Deeptech/Opinion/

How to sell a deeptech startup

We talk about deeptech exits, the best way of getting there and, just as importantly, how to achieve a good outcome.

Credit: Photo by Arthur Osipyan on Unsplash
Simon King and Zoe Chambers

By Simon King and Zoe Chambers

It often goes unsaid, but anyone who takes investment from a VC firm has also agreed to work towards an exit. Whether an IPO, an acquisition or any other means of returning capital, this gives investors the chance to sell their stake and, hopefully, realise a sizeable return. Exits are not just about the investors, however. While it might not be their primary motivation for building a business, many founders dream of creating a life-changing amount of wealth, too.

That’s what brings us here, to part three of this series.

Part one: The five questions investors need to ask deeptech startups

Part two: How to scale a deeptech company

We’ll talk about deeptech exits, the best way of getting there and, just as importantly, how to achieve a good outcome.

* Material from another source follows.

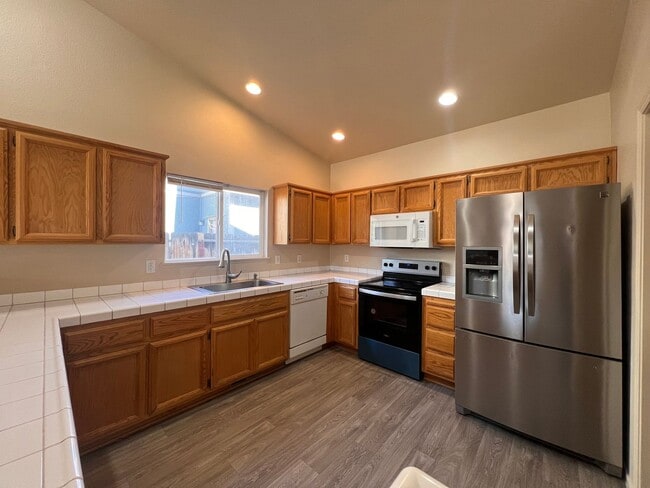 Building Photo - Great 3 bedroom Fernley home located in th...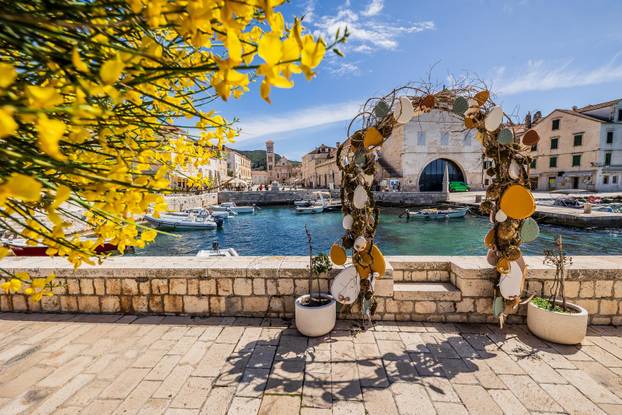 Sunčan dan na Hvaru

Given everything we’ve said in the first two parts, it won’t be a surprise to learn that deep tech exits work a bit differently.

Let’s start with a home truth: companies are bought, not sold.

When we say ‘exit’, we will mainly mean a trade sale of the company to a corporate buyer. This is partly because it’s the most common exit route for deep tech start-ups, but also because even those companies that target an IPO will have to turn down acquisition offers along the way!

How to create value

Let’s start with a home truth: companies are bought, not sold. “Build it and they will come”, as the saying goes. The “it”, in this case, is value. But where does the value lie in a deep tech company? Conveniently this can be broken down into three Ts (thanks to the team at Menalto Advisors for introducing us to the concept). The three Ts generally occur in this order, and with each one you add you’ll get an order of magnitude jump in value:

  • Team: Deeptech companies have one rare advantage over their regular tech counterparts: deep tech teams are hard, ideally impossible, to replicate. Their specific knowledge and talents are therefore, like all rare materials, very valuable. For example, it has been reported that Apple buys teams at $3m per engineer. That might seem a lot, and it is, but sometimes the cost to find and retain these type of people (especially a concentrated group of them) is much, much higher.
  • Technology: One of the defining characteristics of deep tech is the hard-to-replicate technology. Whether it’s because there are patents to work around, or because of the time and unique skills that go into its making, there is value in technology. But an idea alone isn’t enough. What data or demos do you have to prove that your technology works? How much risk is left in its development? How far are you along the path from turning the technology into a product? The more of these questions you can answer, the further along the road to having a valuable technology you will be.
  • Traction: This is the game-changer for deep tech companies. If you can combine market leading, defensible technology and a world class team with an established and growing customer base, your value starts to climb into the multiple hundreds of millions, if not billions.

Stealth or spotlight?

Even the most “valuable” company won’t realise that value if nobody’s heard of you. No one in a corporate development department wakes up one day thinking, “I’ve got a billion dollars to spend on an interesting technology company, I should go and see what’s out there.” Companies buy companies they know! This is especially true when team and technology are such a big factor in the acquisition decision. So getting known, for the right reasons, is an important part of your journey to exit.

Companies buy companies they know. Active promotion will be necessary.

Deeptech is a small world, and the niche you’re working in is smaller still, so you may already have a good network of relationships in your field. The team behind WaveOptics (AR display company bought by Snap for $500m in May) for example, came from backgrounds at the epicentre of augmented reality (BAE Systems and 1066 Labs), which meant they were automatically plugged into everyone there was to know. This close-knit nature of deep tech may therefore mean you already have a contact at a potential acquirer, who could in time become your “champion”, instigating and driving interest in your company.

Ideally, you should also try and get permission to use their logos and reference those customers in your marketing materials — even if they don’t end up acquiring you, they help build your reputation.

Active promotion will still be necessary to get your reputation to the level and shape it needs to be. Thought leadership — writing articles and speaking about your technology — can be an answer, but can also alert competitors to what you’re doing . You’ll need to navigate that constant trade off between staying stealth and creating marketing buzz. But ultimately, some buzz is needed.

We’ve established that people buy deep tech companies they know and deem to be invaluable. But where might these offers come from?

Customers turned acquirers

Many customers may be acquirers or investors-in-waiting, so of course, they need to be nurtured. WaveOptics was a supplier to Snap Inc before its acquisition, while CQC recently merged with Honeywell, with Honeywell having previously been a ‘collaborator’ and investor in CQC. Customers become acquirers because they get to know your team and your technology.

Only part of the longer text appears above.